Material provided:
⟨

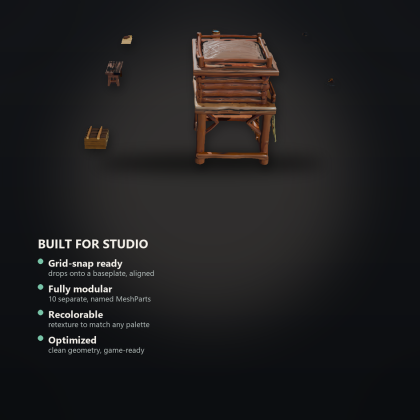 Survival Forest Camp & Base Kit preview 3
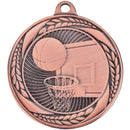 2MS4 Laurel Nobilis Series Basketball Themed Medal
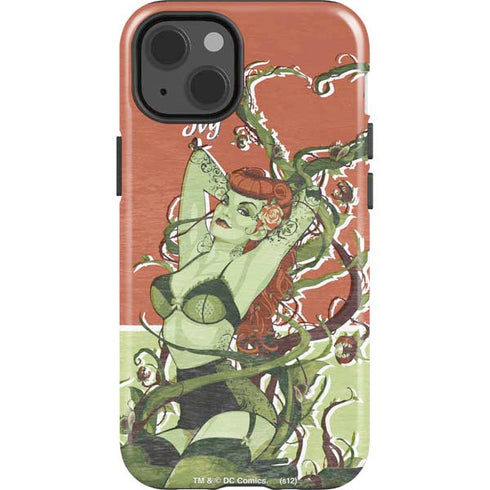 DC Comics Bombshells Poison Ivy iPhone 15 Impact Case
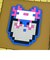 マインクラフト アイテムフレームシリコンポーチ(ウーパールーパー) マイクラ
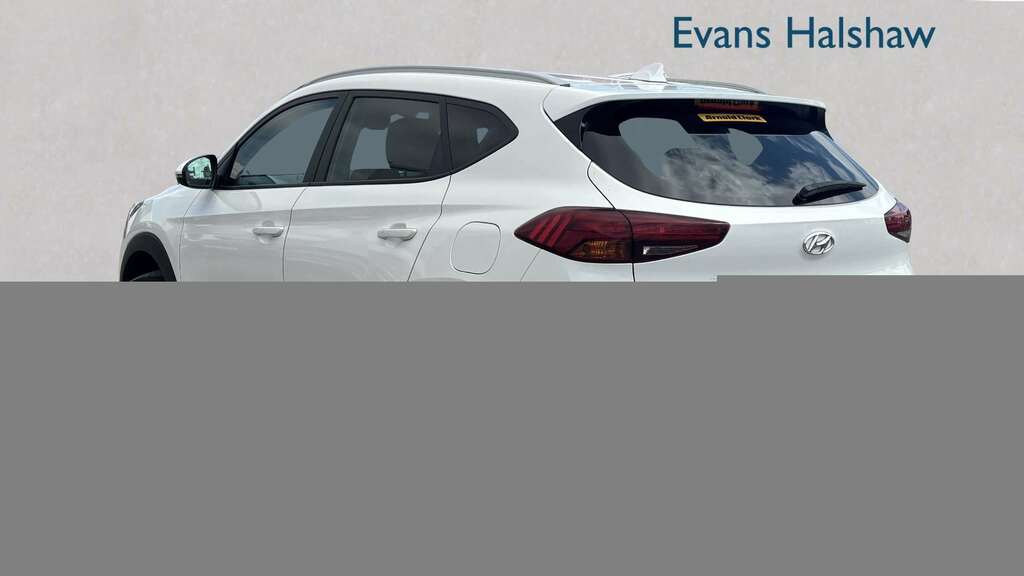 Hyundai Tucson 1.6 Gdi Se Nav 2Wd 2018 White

⟩
⟨

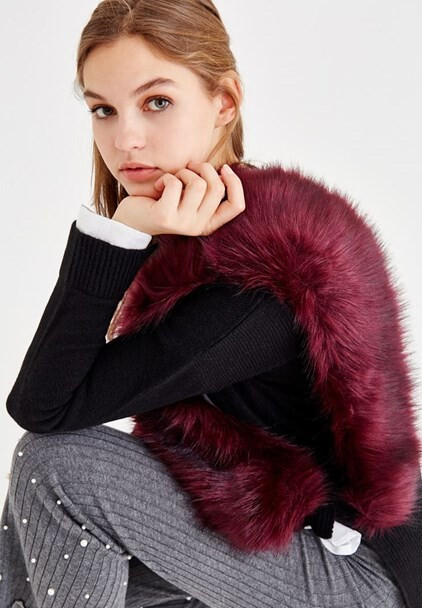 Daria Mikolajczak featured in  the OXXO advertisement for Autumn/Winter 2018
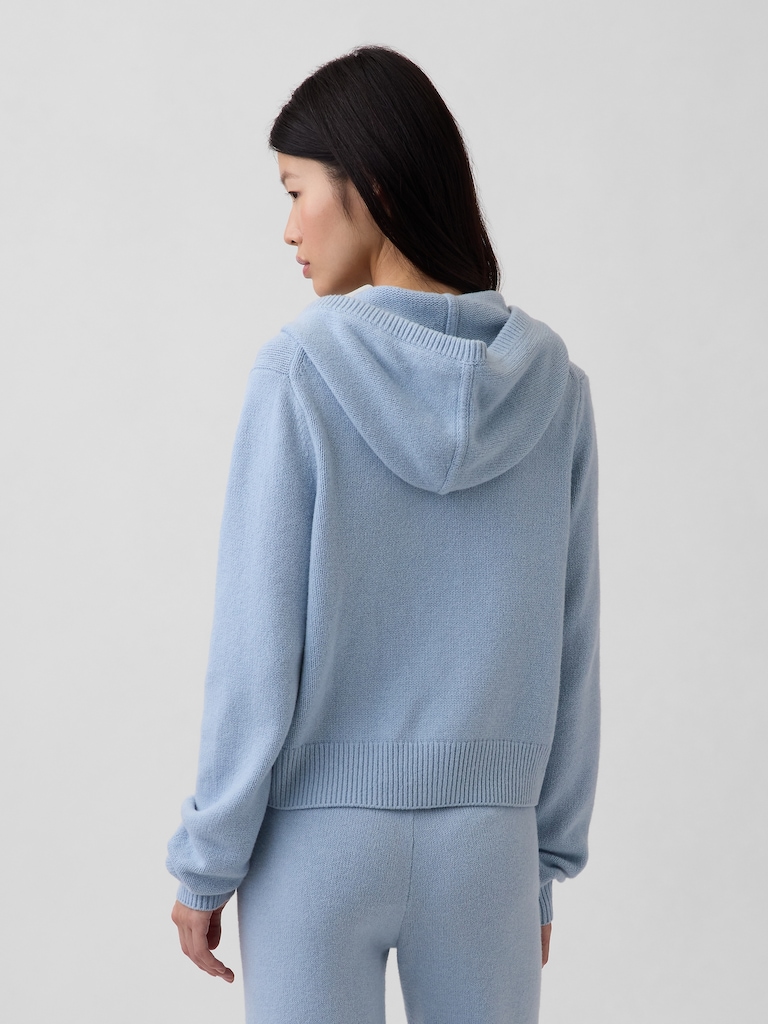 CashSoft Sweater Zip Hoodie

⟩

Description of the task: Among the lines above, the one with "Survival Forest Camp & Base Kit preview 3" opens the part to repeat and the one with "Hyundai Tucson 1.6 Gdi Se Nav 2Wd 2018 White" closes it; repeat only that part exactly, with no pictures.

Result of this task:
 Survival Forest Camp & Base Kit preview 3
 2MS4 Laurel Nobilis Series Basketball Themed Medal
 DC Comics Bombshells Poison Ivy iPhone 15 Impact Case
 マインクラフト アイテムフレームシリコンポーチ(ウーパールーパー) マイクラ
 Hyundai Tucson 1.6 Gdi Se Nav 2Wd 2018 White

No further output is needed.